Но в финале симфонии не было ни привычной торжественности, ни массового народного ликования, характерных для прежних финалов глазуновских симфоний. Снова — глубокое раздумье, снова образы народного страдания, снова знакомые темы предыдущих частей: тревожный взлет струнные, маршевая тема первой части.
Торжественность и победные образы возникали только в самом конце. Но и в это торжество и ликование вплетался новый призыв. Окончательная победа была еще впереди.
— А нелегко же научиться так слушать, — говорил Стасов некоторое время спустя. — И как потом трудно передать на словах то, что испытываешь, когда звуки так разумно летят друг за другом. Как схватить их, как запомнить? А может, и не надо переводить на слова? Но пока не добьюсь этого — не засну, бессонница одолеет.
Уходя от Стасова, Александр Константинович мысленно снова к нему возвращался. — Вот ведь какой человек! Ему мало, что самому сочинение нравится, что получил от него истинное наслаждение. Ему еще хочется разложить перед собой листы писчей бумаги и описать свои восторги во многих письмах. Знаю, вот он не спит и сейчас. Закончу симфонию — непременно сыграю ему еще.
Стасов действительно не спал. «...Что меня совсем, совсем поразило, просто наголову разбило,— это Andante из 8-й симфонии, — еще не конченной, — писал он в письме. — Это вот Andante что-то такое, чего Глазунов никогда еще не сочинял. Это страшная трагедия, колоссально удручающая, раздавливающая. Ново, оригинально до бесконечности... Чистое отчаяние и ужас. Да, Глазун еще ничего подобного, ничего в этом роде не сочинял до сих пор. Это вещь просто велик а я!..»
Однако услышать восьмую симфонию в законченном виде Владимиру Васильевичу не пришлось. 10 октября 1906 года его не стало.
Забастовки, прокатившиеся по России, сделали свое дело. Царское правительство вынуждено было пойти на уступки. «Потепление атмосферы» коснулось и консерватории: теперь профессора могли сами выбирать директора. Таким первым избранным руководителем консерватории оказался Глазунов. В декабре 1905 года он приступил к исполнению новых обязанностей, возвратив прежде всего Римского-Корсакова и Лядова. Вернулись и другие педагоги, покинувшие свой пост из солидарности с ними.
Со свойственным ему чувством долга и ответственности Глазунов начал вникать во все заботы и мелочи повседневной консерваторской жизни. Он посещал занятия педагогов всех специальностей, бывал на зачетах и экзаменах, па ученических вечерах, и всегда его присутствие создавало атмосферу торжественности и праздничности.

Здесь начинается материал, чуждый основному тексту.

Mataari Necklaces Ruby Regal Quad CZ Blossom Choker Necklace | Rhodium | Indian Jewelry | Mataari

После первого и второго отделения концерта Александр Константинович заходил в артистическую, чтобы поздравить выступавшего и высказать свое мнение о его игре. Оно бывало, как правило, очень благожелательным, и удачное выступление становилось для концертанта на всю жизнь запомнившимся праздником.
Композитор интересовался также бюджетом вверенного ему учреждения и тем, как живут его профессора и учащиеся.

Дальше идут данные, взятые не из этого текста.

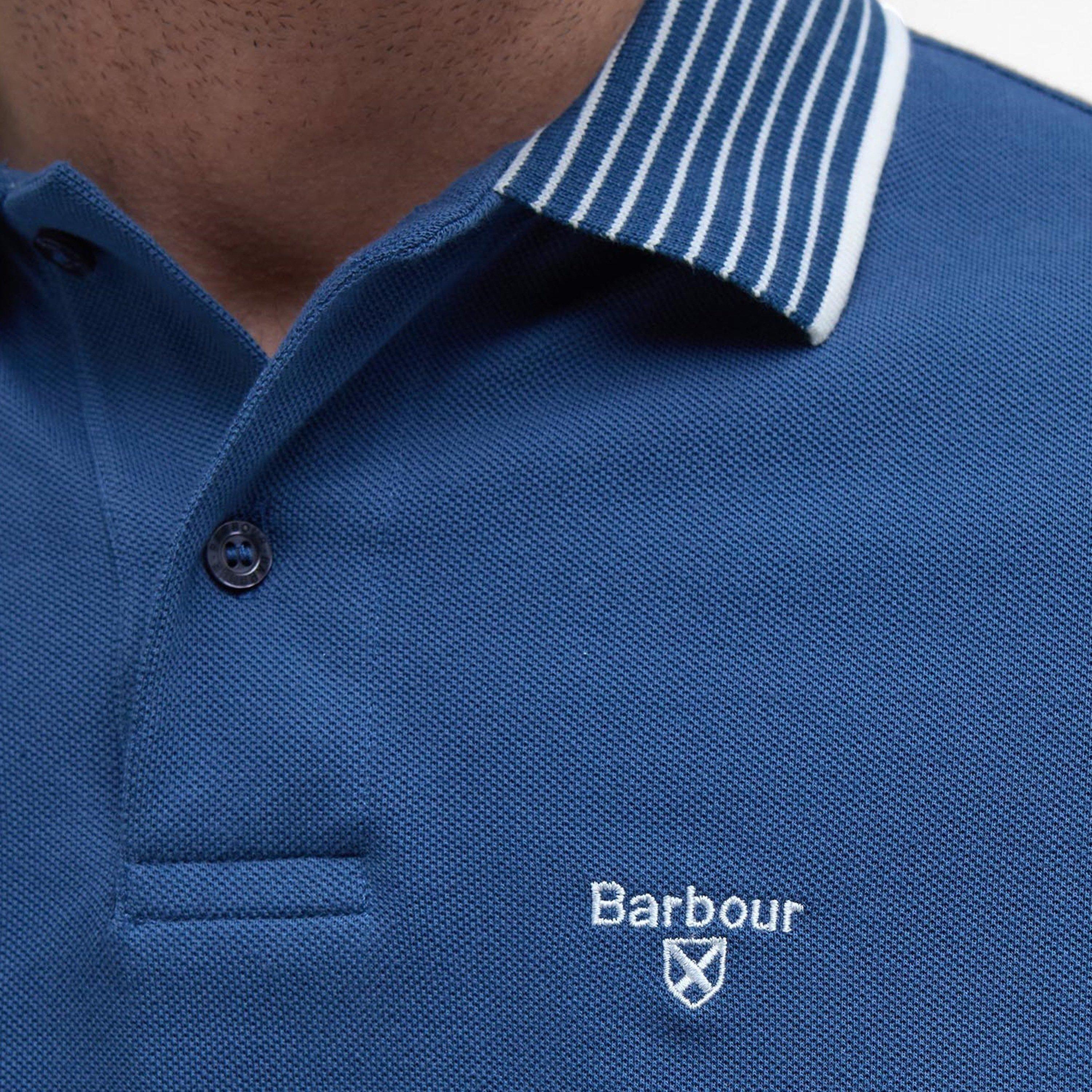 Dark Denim NY38 - Barbour - Men's Denwick Short Sleeve Tailored Fit Polo Shirt - 5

— Если бы не Глазунов, не восстановить бы работы после всего, что было, — говорили многие. И это было правдой.
О чем бы ни заходила у него речь с друзьями, он сводил ее теперь к теме о консерватории. Римский-Корсаков жаловался:
— Прежде придешь бывало к Александру Константиновичу поговорить о трубах, о фаготах, о музыкальной форме. А теперь его интересуют больше водопроводные трубы, нежели оркестровка.

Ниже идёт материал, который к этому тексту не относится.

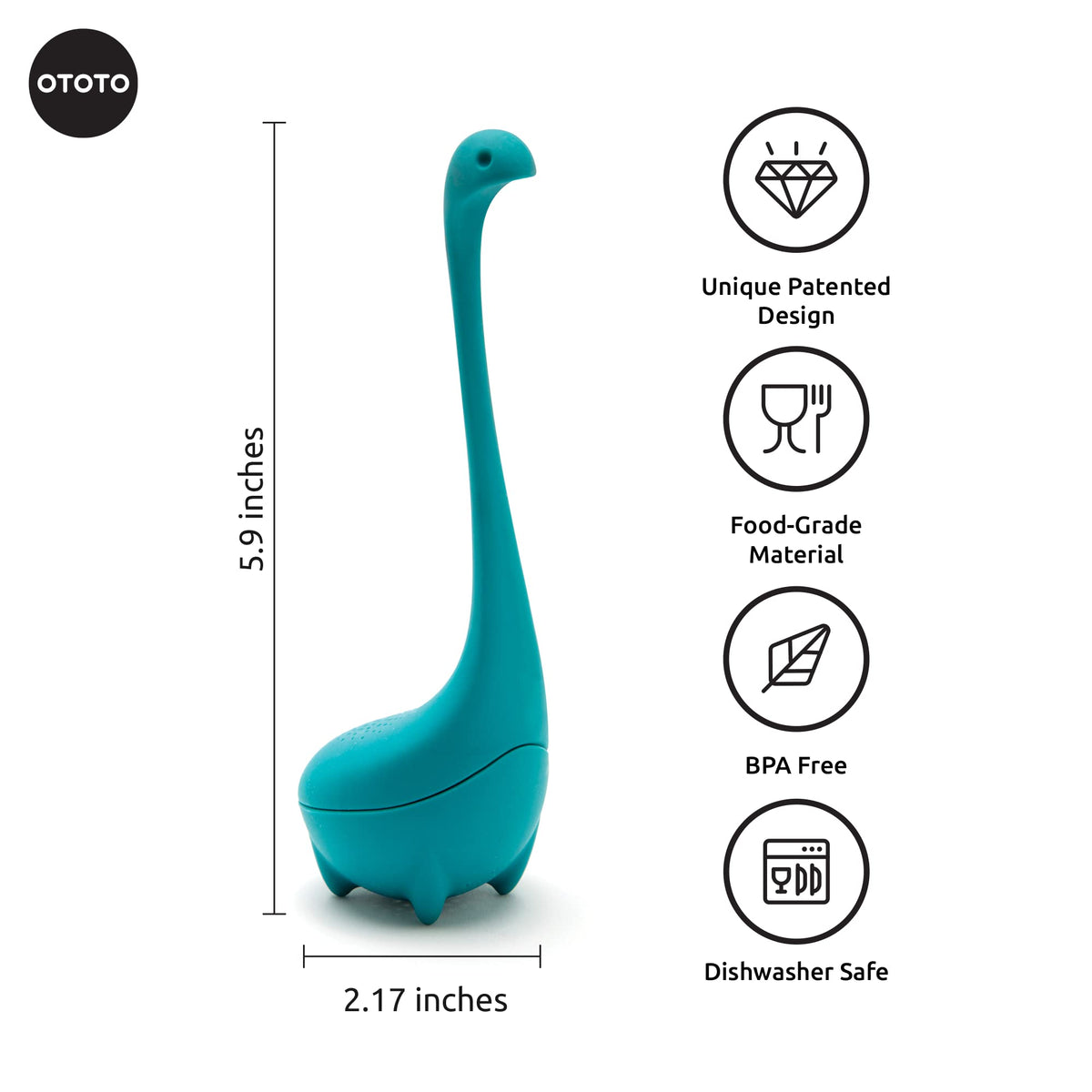 OTOTO Nessie steeping spoon design enables easy tea straining.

Николая Андреевича очень огорчало то, что его бывший ученик все меньше времени уделял творчеству. Вспоминая рассказ Глазунова о выступлении маленького и еще слабенького консерваторского оркестра, который казался Александру Константиновичу прекрасным оттого, что там на первых скрипках сидели все «пятерошники», а валторнист — это положительное чудо, ибо он ни разу не сфальшивил, Римский-Корсаков ворчал:
— Ужасно он занят этой консерваторией... Он положительно влюблен в нее, и это обидно, так как для настоящего дела у него теперь совсем времени нет.
А однажды инцидент, происшедший на репетиции оркестра, стал даже достоянием газетной статьи, которая под заголовком «Глазунов-барабанщик» писала: «На днях, когда оркестр должен был аккомпанировать фортепианному концерту Листа, оказалось, что на репетицию по какой-то причине не явился играющий на ударных инструментах. Положение получилось довольно неприятное, так как без этого исполнителя нельзя было приступить к репетиции.
Но тут делу помог сам директор, А. К. Глазунов, который вызвался заместить отсутствующего музыканта. Маститый композитор уселся у тимпан, выказав прекрасную технику и сноровку во владении «тарелками».
Все оркестранты единодушно свидетельствуют, что Глазунов ни разу, выражаясь оркестровым термином, не «выскочил» даже в синкопах, обыкновенно являющихся Ахиллесовой пятой барабанщиков».
«Дорогой! Вернитесь к чистому искусству!» — настаивал в одном из писем Римский-Корсаков. Однако в ответ на этот призыв обычно мягкий, добрый и застенчивый Глазунов прислал очень категоричное письмо: «Бросить мне Консерваторию — значит оставить ее на произвол судьбы и погубить музыкальное дело в России, так как я очень убедился в том, что для управления художественным учреждением нужен не столько административный талант, сколько знание искусства, которым я обладаю. Наши учащиеся оценили это обстоятельство, и я считаю последнее лучшей наградой для себя».
Сочиняя этот ответ, Глазунов вспоминал свои мальчишеские приставания к Бородину:
— Александр Порфирьевич, почему вы не бросите и женские курсы, и поиски пропавших студентов? Ведь это за вас кто угодно может сделать, а «Князя Игоря» кроме вас никто не сочинит!
Теперь эти разговоры казались ему не проявлением дружеского участия, а непониманием великого гражданского мужества замечательного человека и, может быть, даже бестактностью.
Однажды, когда друзья стали особенно настойчивыми, композитор пошутил:
— Хорошо бы меня присудили на годик в тюрьму, в одиночное заключение, но с условием разрешить мне свободно работать. Поставил бы инструментик, набрал бы нотной бумаги, карандашей, сидел бы и писал, писал... Про себя же он думал: «Бедное мое творчество».
Глазунов идет по одному из коридоров консерватории, опустив голову и поглядывая из-под стекол очков. Большой, грузный, в черном сюртуке и цветном бархатном жилете, поперек которого свисает золотая цепочка от часов со множеством изящных брелоков. Несмотря на грузность и массивность фигуры, шаги его отличались необыкновенной легкостью, может быть, отчасти потому, что он носил маленькие сапожки на мягкой подкладке. Его левая рука — в кармане брюк, а правую он, здороваясь, подает всем, кто встречается ему на пути,— сторожу, уборщицам, профессорам и ученикам, даже самым маленьким ученикам, прожившим в жизни не больше десяти лет. Он знает всех профессоров и преподавателей по имени и отчеству, а учеников по фамилии, а иногда и по имени тоже.
К нему подходит высокий молодой человек.
— Александр Константинович, вы в кабинет?